Rhizoproctus exhaustus

Scientific classification
- Kingdom: Animalia
- Phylum: Arthropoda
- Clade: Pancrustacea
- Class: Insecta
- Order: Coleoptera
- Suborder: Polyphaga
- Infraorder: Scarabaeiformia
- Family: Scarabaeidae
- Tribe: Melolonthini
- Genus: Rhizoproctus
- Species: R. exhaustus
- Binomial name: Rhizoproctus exhaustus Kolbe, 1914

= Rhizoproctus exhaustus =

- Genus: Rhizoproctus
- Species: exhaustus
- Authority: Kolbe, 1914

Species of beetle

Rhizoproctus exhaustus is a species of beetle of the family Scarabaeidae.
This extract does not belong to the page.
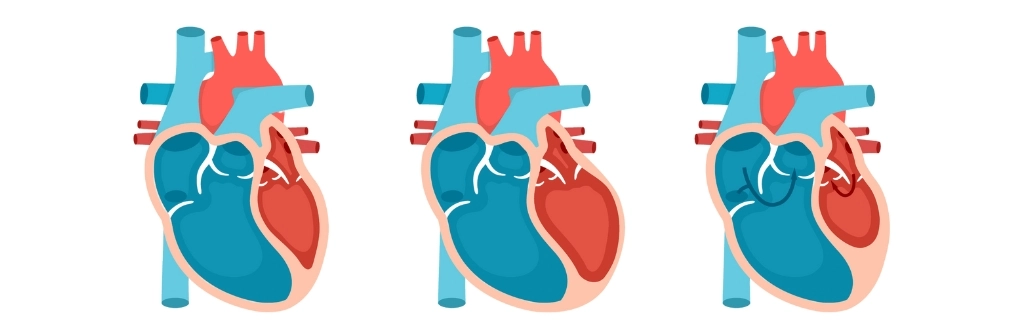 Arrhythmias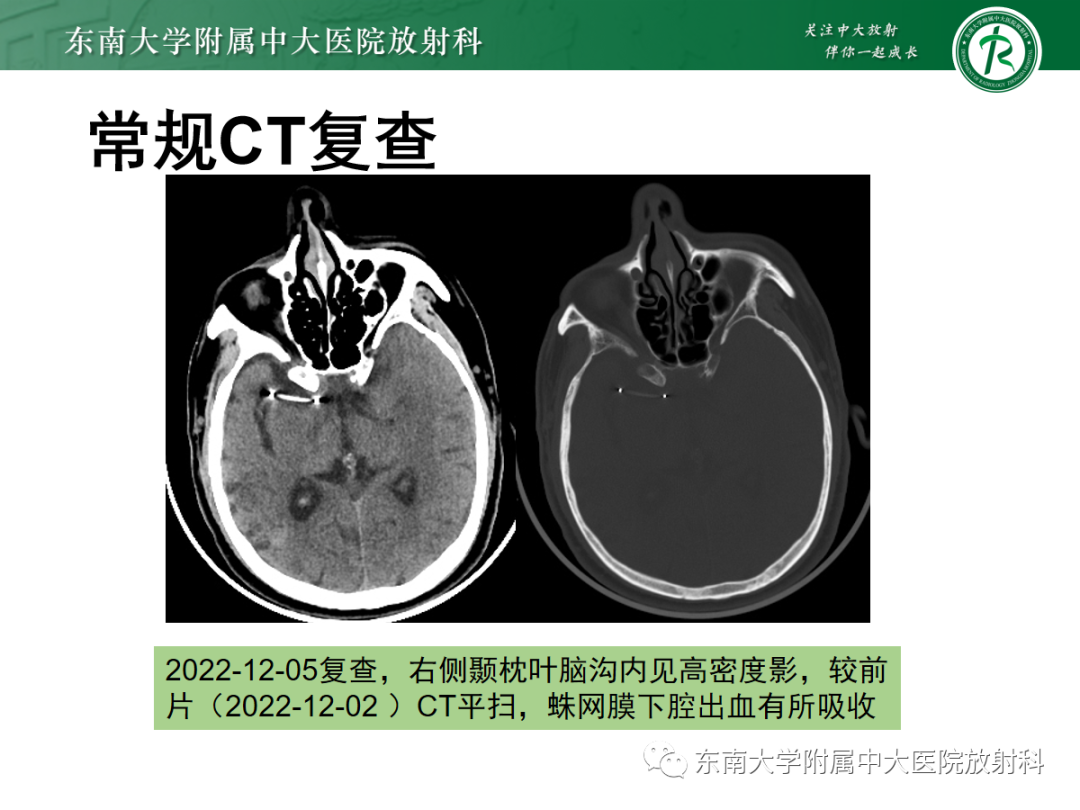 影像PPT - 【PPT】脑内出血和对比剂外渗鉴别—能谱CT的应用-34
It is found in the Democratic Republic of the Congo and Rwanda.

== Description ==
Adults reach a length of about 19 mm. They are similar to Rhizoproctus aurescens, but the body is wider towards the rear. The head is strongly wrinkled-punctate. The pronotum is very similar, but wider in the middle, more strongly narrowed posteriorly, the anterior angles much longer and more pointed, and with a deep bulge at the lateral margin in front of the anterior angles. The punctation is scattered above, somewhat coarse, leaving smooth areas in the middle and laterally. The scales are smaller than in aurescens. The elytra are somewhat more strongly punctate and the scales, where visible (towards the sides) are very small. The thorax is as densely hairy as in aurescens.